Mark’s wife Darlene is joining Mark in an effort to get the word out that donation is something we all can do to make a difference.

The Jenkins’ are working with the Bonfils Blood Center and Mayor Michael Hancock to increase public awareness.

Bonfils spokeswoman Jessica Maitland says more than 10,000 people are on the donor waiting list in the U.S., but myths about the donation process scare some possible donors away.

Maitland says that more African Americans are desperately needed to increase the chances of matches for that group, “It's almost like finding a needle in the haystack so the more people on the registry and the more diversity the better.”

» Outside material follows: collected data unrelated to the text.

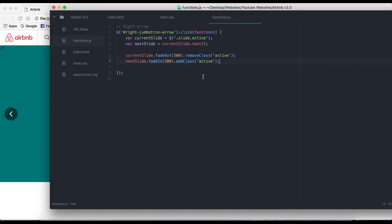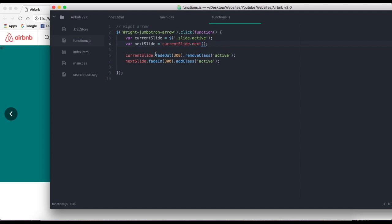You might think: when you remove the class of active from the current slide, how does it know which is the next slide? That's why we create two variables right here. When you click the function, both variables get predefined — currentSlide is predefined and nextSlide is predefined. So even after we remove the active class from currentSlide, nextSlide is already defined and knows which element should receive the active class. Every time we click it, new variables get defined because a new div has the class of active.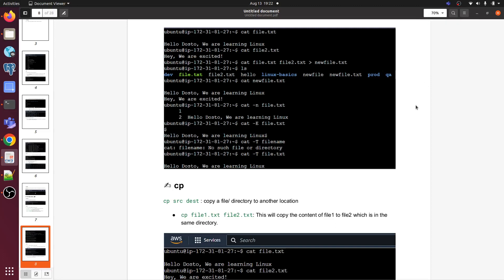Hello everyone, welcome to my channel World of AWS. I'm Bipin Kumar. This is the third video of Linux commands for DevOps. If you are planning to learn Linux as a DevOps engineer, I am here to help you out. Check my playlist — I have created an AWS playlist covering most of the core services from scratch. This is the third video of Linux commands a DevOps engineer should know.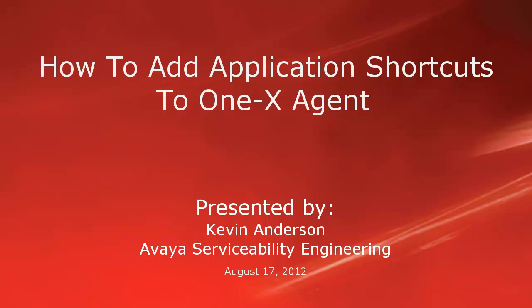Hello, my name is Kevin Anderson with the Avaya Serviceability Engineering team. In today's demo, we'll be talking about how to add application shortcuts to a 1x agent.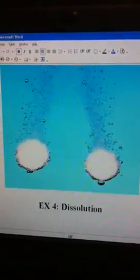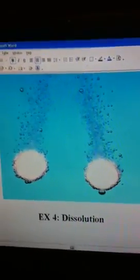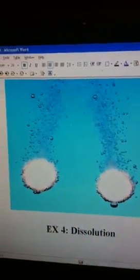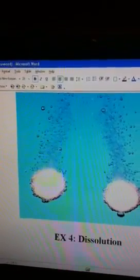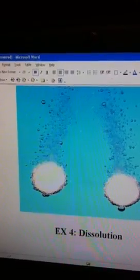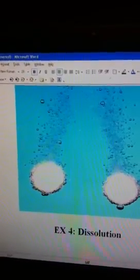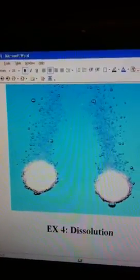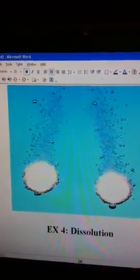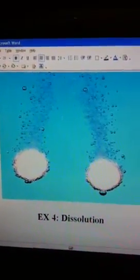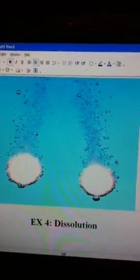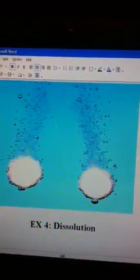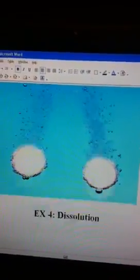Example number four is dissolution. Dissolution is when it dissolves the rocks or minerals in water. And if it's not completely dissolved, it will just cause a space in the rock.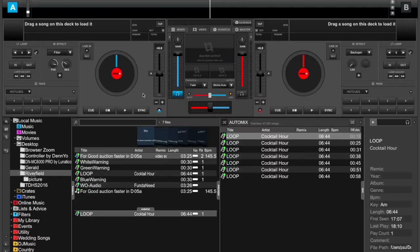I wanted to show one reason why I like Virtual DJ. Tonight I was hired to run audio for a fundraiser.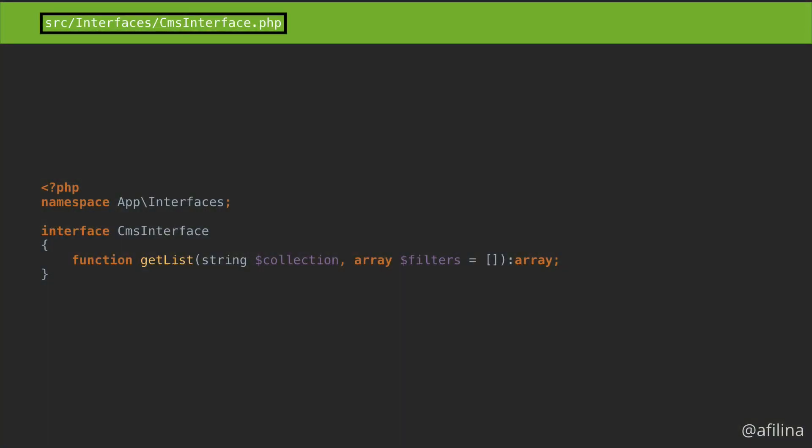Let's make the CMS easy to replace by implementing an interface for our service. Under source, create a folder named Interfaces. Make sure to make it plural to avoid collision with a reserved keyword.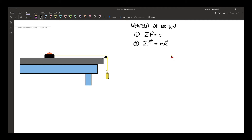So that means if there is a net force, the velocity of the object changes — either the object's speed changes, it's speeding up or slowing down, or the direction of the object changes.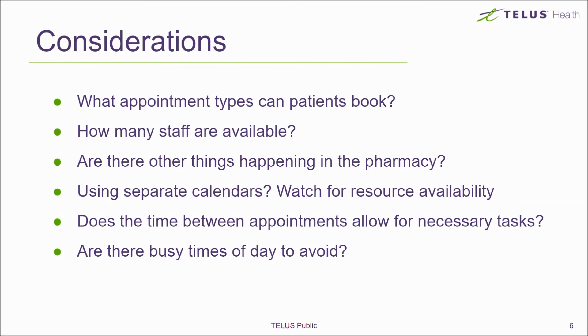Keeping all of these in mind, create as many appointment slots as your pharmacy deems appropriate.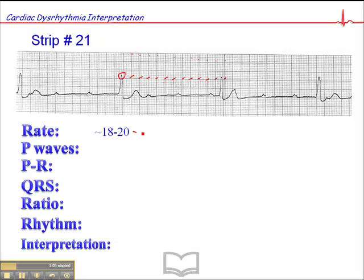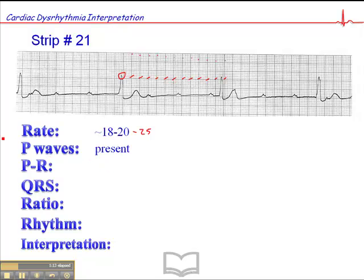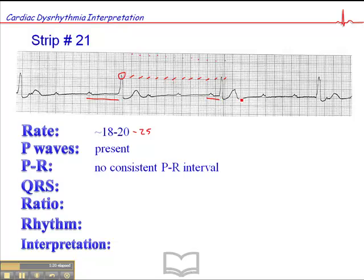You could say around 25 — somewhere in there. It's pretty low, very low. P-waves are definitely present, but there doesn't appear to be any consistent PR interval. This PR is definitely not the same as that one, and that's a bit of a concern. It begs the question: are the P-waves even connected to the QRS complexes? That's the big question.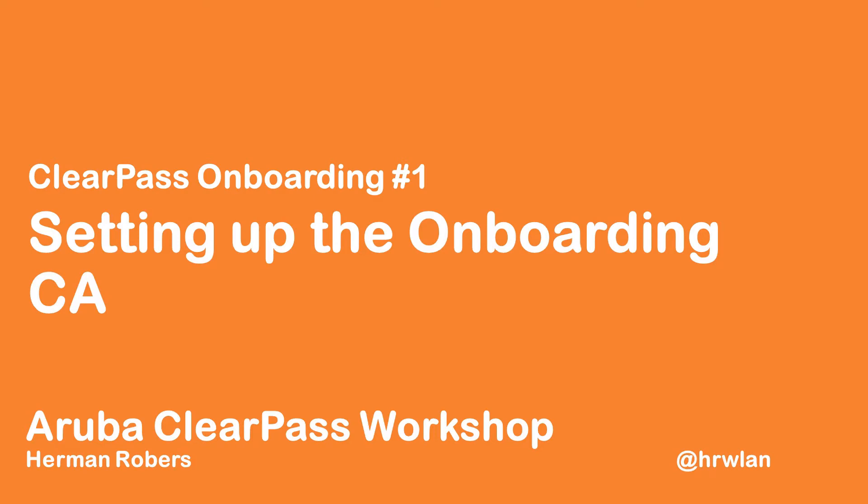Hello, Hermann here with another episode in the ClearPass workshop series where we will build a ClearPass deployment from scratch and integrate with Wired, Wireless, Active Directory and much more. And after a few requests in the comments, we finally got to the point where we start to do onboarding.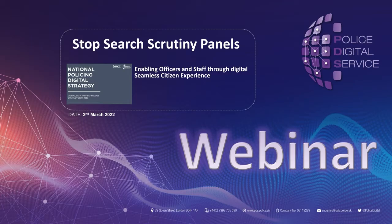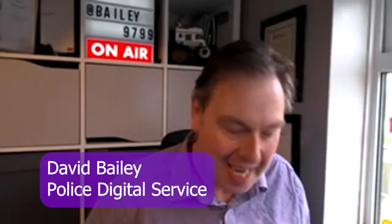Good afternoon everybody and welcome to our latest webinar. Thanks for joining us today. We're joined by Chief Inspector Sarah Gilmore of South Yorkshire Police and Jonathan de Roe, formerly of South Yorkshire Police but now West Yorkshire Police. We're presenting an overview of the solution they've adopted and developed in terms of using Microsoft 365 to help improve their scrutiny panels — virtual scrutiny panels around stop and search.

Jenkins says there is nothing to fear by donating marrow and adds, “a lot of people think it's going to hurt but technology is so great it doesn't hurt anymore.”

There is no cost to the donor and no extensive hospital stay is involved.

Mayor Michael Hancock joined the registry by going through the simple cheek swabbing process. “I gave a swab. It took 5 seconds and now we're going to see if I'm a match that to me makes a difference.”

Mark says he hopes more people will come forward so he can have a chance to live, and see his daughter Meagan graduate from high school, “I don't know how long this disease is going to take, she's my only daughter.”